## Problem statement
Could you transcribe exactly the lines from the one containing "Elinor Hortle 🐟🐀🔬🧫 tweet media" through the last line of the records below, leaving out the pictures?

## Exercise input
====

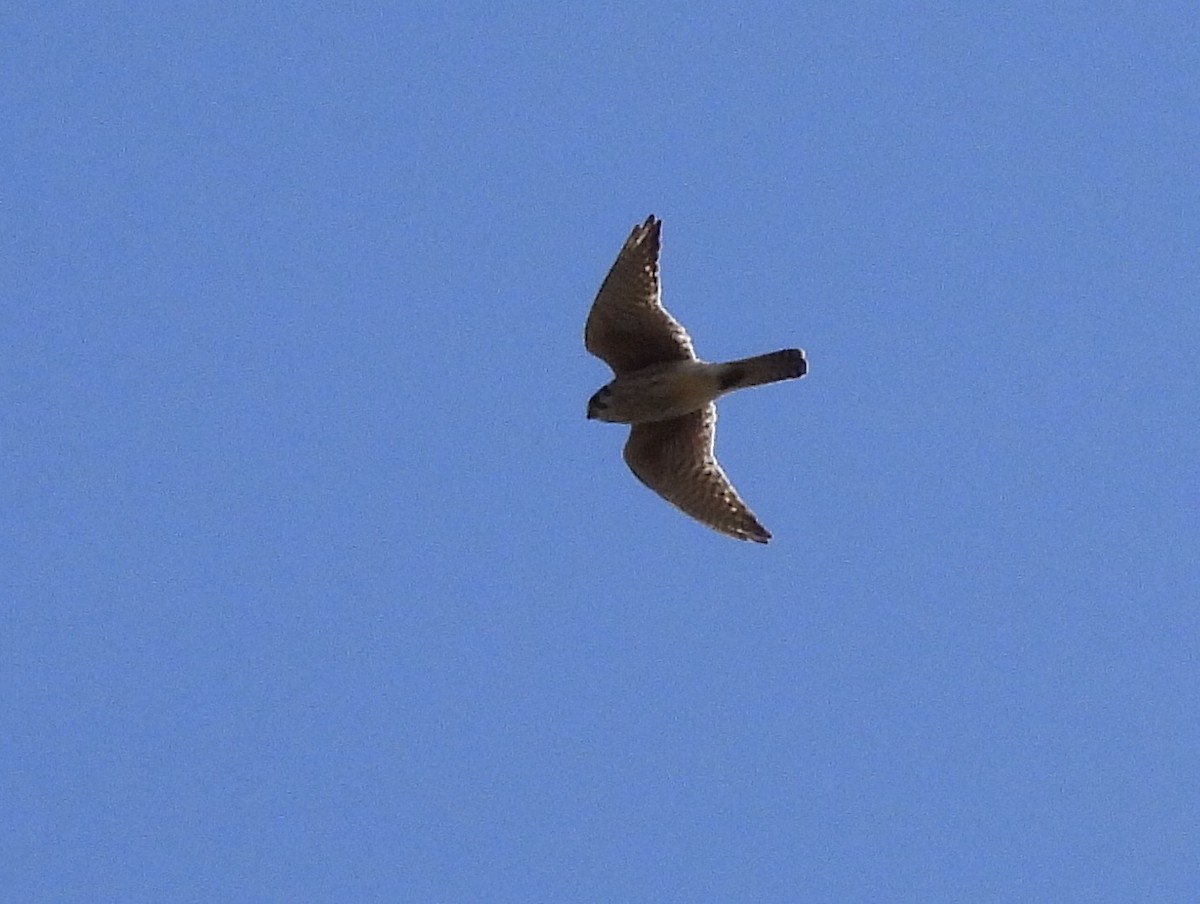 American Kestrel - ML617524600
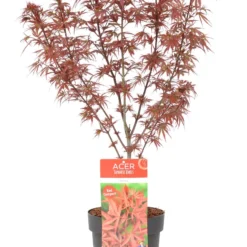 Japanse Esdoorn (Acer Palmatum 'Shaina') 12 Japanse Esdoorn (Acer Palmatum 'Shaina') -Tuin Stek Verkoop wep 8772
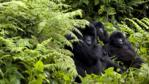 A group of mountain gorillas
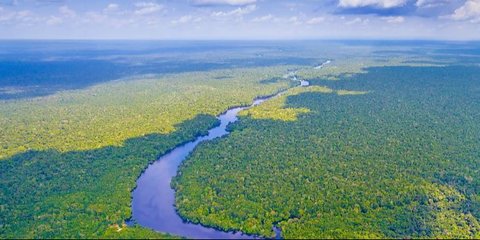 Fenomena Aneh, Mahasiswa Temukan Sungai Amazon Mengalir Mundur Saat Teliti Sedimen Sungai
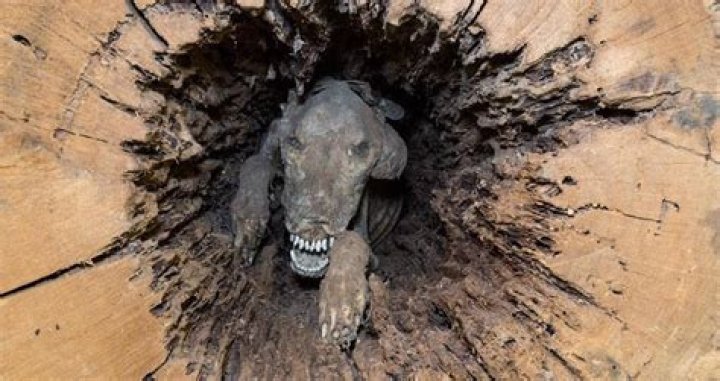 Meet "Stuckie" — The Mummified Dog Stuck In A Tree For Over 50 Years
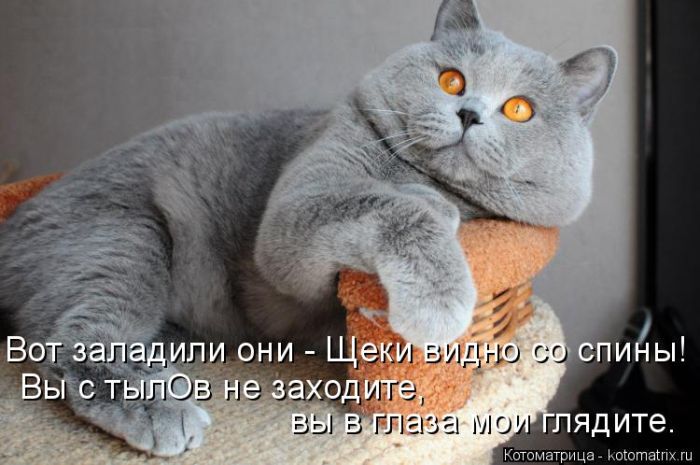 Лучшие котоматрицы недели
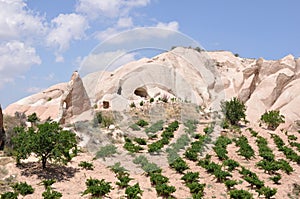 Cappadocia Rock Formations, Red Rose Valley, Goreme, Turkey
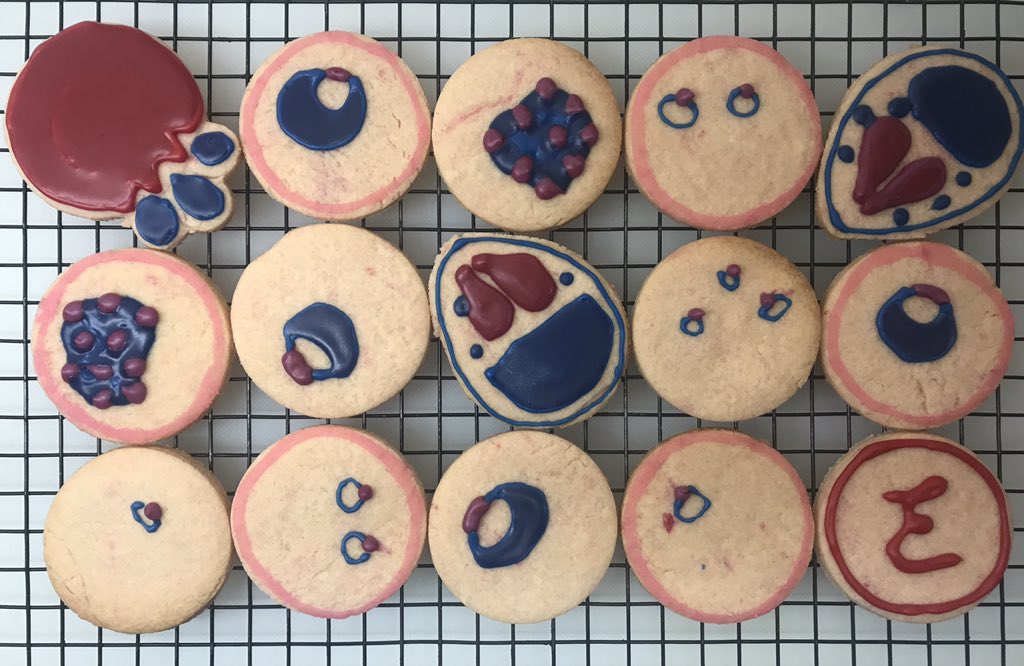 Elinor Hortle 🐟🐀🔬🧫 tweet media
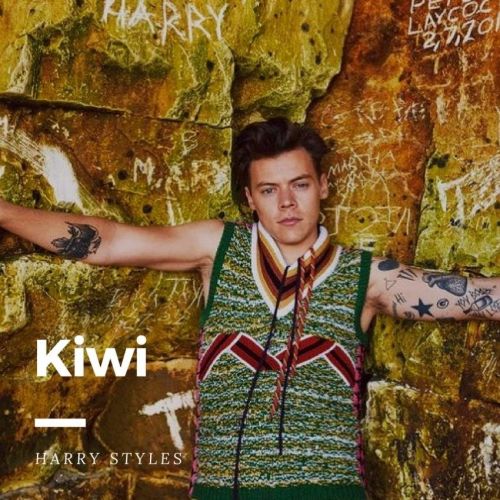 Harry Styles - Kiwi (DJ Stray Intro).mp3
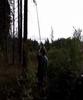 \"Maser of forest\" Maxim Ksuta, Serge Balashov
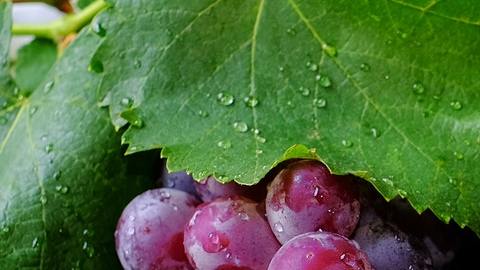 Uvas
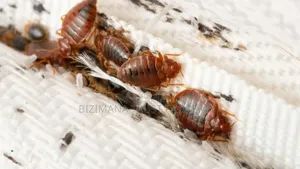 Photo - Bedbug Fumigation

====

## Output for this task
 Elinor Hortle 🐟🐀🔬🧫 tweet media
 Harry Styles - Kiwi (DJ Stray Intro).mp3
 \"Maser of forest\" Maxim Ksuta, Serge Balashov
 Uvas
 Photo - Bedbug Fumigation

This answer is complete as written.